Directions for this task
Pictures in the records below must be left out. Return exactly the lines from the line with "LED Dimmable rechargeable" to the line with "Small Deity Sun", both included.

Record set
- Opening Delimiter -

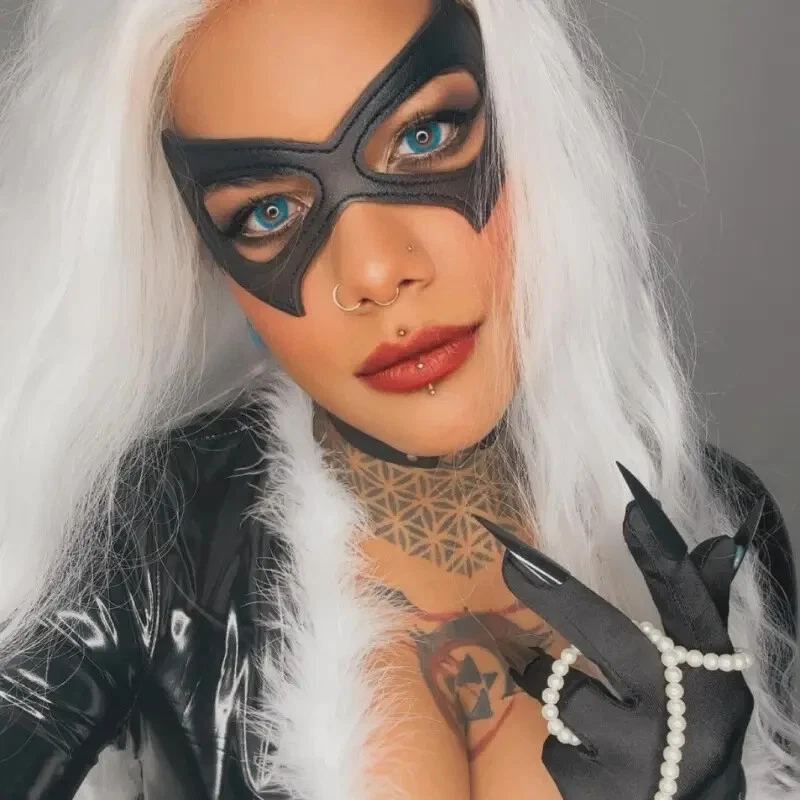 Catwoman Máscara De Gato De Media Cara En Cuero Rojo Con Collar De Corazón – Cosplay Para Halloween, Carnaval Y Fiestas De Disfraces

- Closing Delimiter -
- Opening Delimiter -

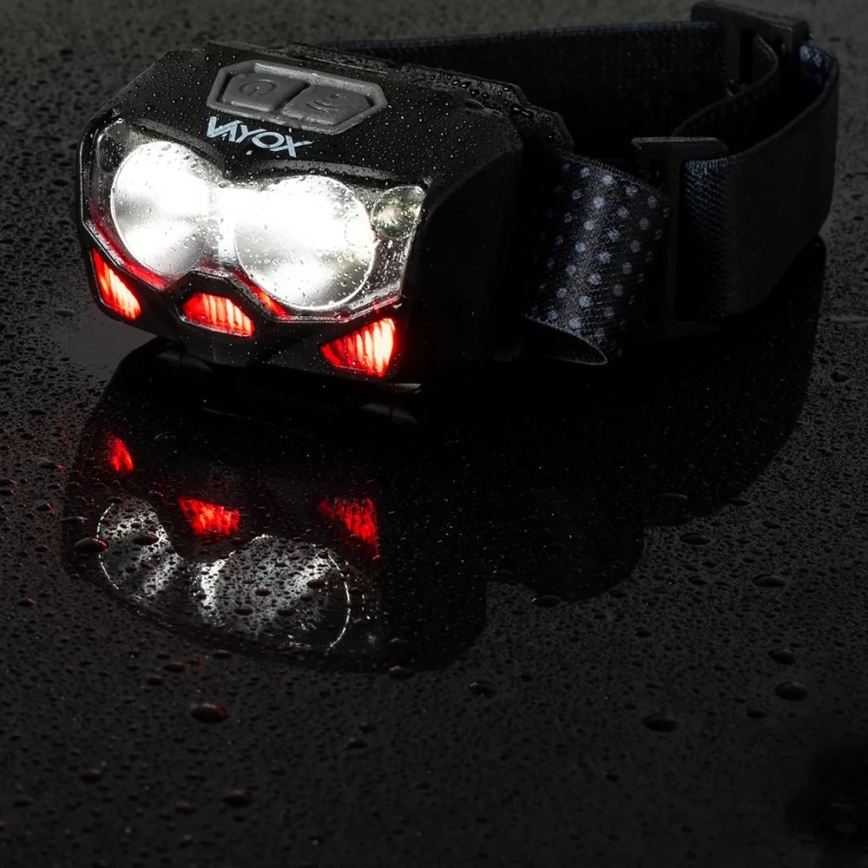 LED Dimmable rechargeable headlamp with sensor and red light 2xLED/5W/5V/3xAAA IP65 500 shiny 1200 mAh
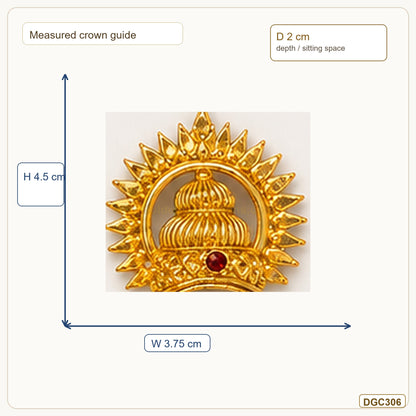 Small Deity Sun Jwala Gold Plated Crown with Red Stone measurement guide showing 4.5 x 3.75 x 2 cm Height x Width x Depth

- Closing Delimiter -

Solution to the problem
 LED Dimmable rechargeable headlamp with sensor and red light 2xLED/5W/5V/3xAAA IP65 500 shiny 1200 mAh
 Small Deity Sun Jwala Gold Plated Crown with Red Stone measurement guide showing 4.5 x 3.75 x 2 cm Height x Width x Depth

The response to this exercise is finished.